View Full Version : Okinawans protest crimes related to U.S. troops on their island

03-23-08, 10:47 AM
Okinawans protest crimes related to U.S. troops on their island

AP - Monday, March 24
By ERIC TALMADGE,Associated Press Writer AP - Monday, March 24

CHATAN, Japan - Several thousand Okinawans angry over recent reports of crimes allegedly committed by U.S. troops held a loud but peaceful protest Sunday, with many demanding the troops be withdrawn from the island altogether.

The protest was followed by a march to the gate of a nearby U.S. Marine base. No incidents or arrests were reported.

The demonstration was sparked by recent reports of U.S. troop-related crime, including the arrest of a Marine for allegedly assaulting a 14-year-old Okinawan girl in February.

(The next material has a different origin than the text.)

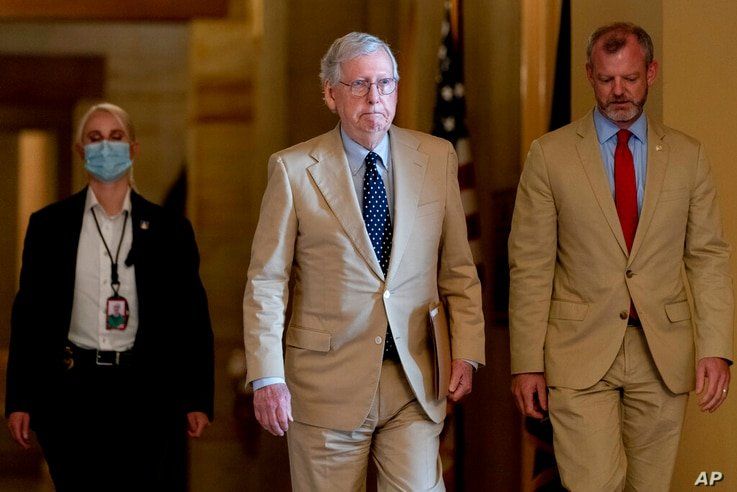 Senate Minority Leader Mitch McConnell of Ky. walks towards the Senate chamber as the $1 trillion bipartisan infrastructure…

The Marine was later released from Japanese custody and no charges were filed.

"The voice of Okinawa is angry," said protest organizer Tetsuei Tamayose. "We need a fundamental change."

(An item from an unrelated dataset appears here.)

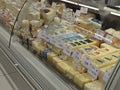Cheese cheeses on super market front store prices labes on it , glass protective front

Banners demanding the complete withdrawal of U.S. troops from Okinawa ringed the makeshift stage of the protest, held outside a baseball stadium.

Okinawa, a major outpost for the United States in the Pacific, is home to roughly half of the 50,000 U.S. troops stationed throughout Japan.

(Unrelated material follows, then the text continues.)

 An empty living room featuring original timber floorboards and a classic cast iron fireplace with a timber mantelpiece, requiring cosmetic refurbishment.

The troops provide a major economic boost to the island, which is one of Japan's poorest regions, but problems with base-related accidents, crowding and crime are endemic.

The rape of a 12-year-old girl by three U.S. servicemen in 1995 created a huge outcry and led to plans for the redeployment of 8,000 Marines from Okinawa to the U.S. territory of Guam.

The latest allegations have not sparked as much outrage, and organizers of Sunday's rally said a strong rain contributed to a relatively limited turnout, which fell short of the 10,000 people they had hoped for.

The U.S. military here, meanwhile, has reacted strongly to enforce discipline by restricting troops to bases, work sites or off-base housing and ordering a review of education guidelines to prevent sexual assault.

U.S. military authorities are still investigating February's alleged attack.

Several other incidents _ including a robbery _ were reported soon after that attack, however, and were linked to military personnel.

Other high-profile crimes have also heightened emotions.

The U.S. military has announced it will soon court martial four Marines accused of raping a 19-year-old woman in October. That case was also investigated by Japanese police, but dropped in November.

In the most recent case, a U.S. sailor sought for questioning in the killing of a Japanese taxi driver near an American navy base outside of Tokyo was taken into U.S. custody early Saturday.

The 61-year-old victim, Masaaki Takahashi, was found fatally stabbed in his cab Wednesday night in Yokosuka, south of Tokyo, about a kilometer (half-mile) from the U.S. naval base.

Reports have said credit cards belonging to the detained sailor were found in the taxi.


Zulu 36
03-23-08, 03:08 PM
Protesting is the national sport of Okinawa.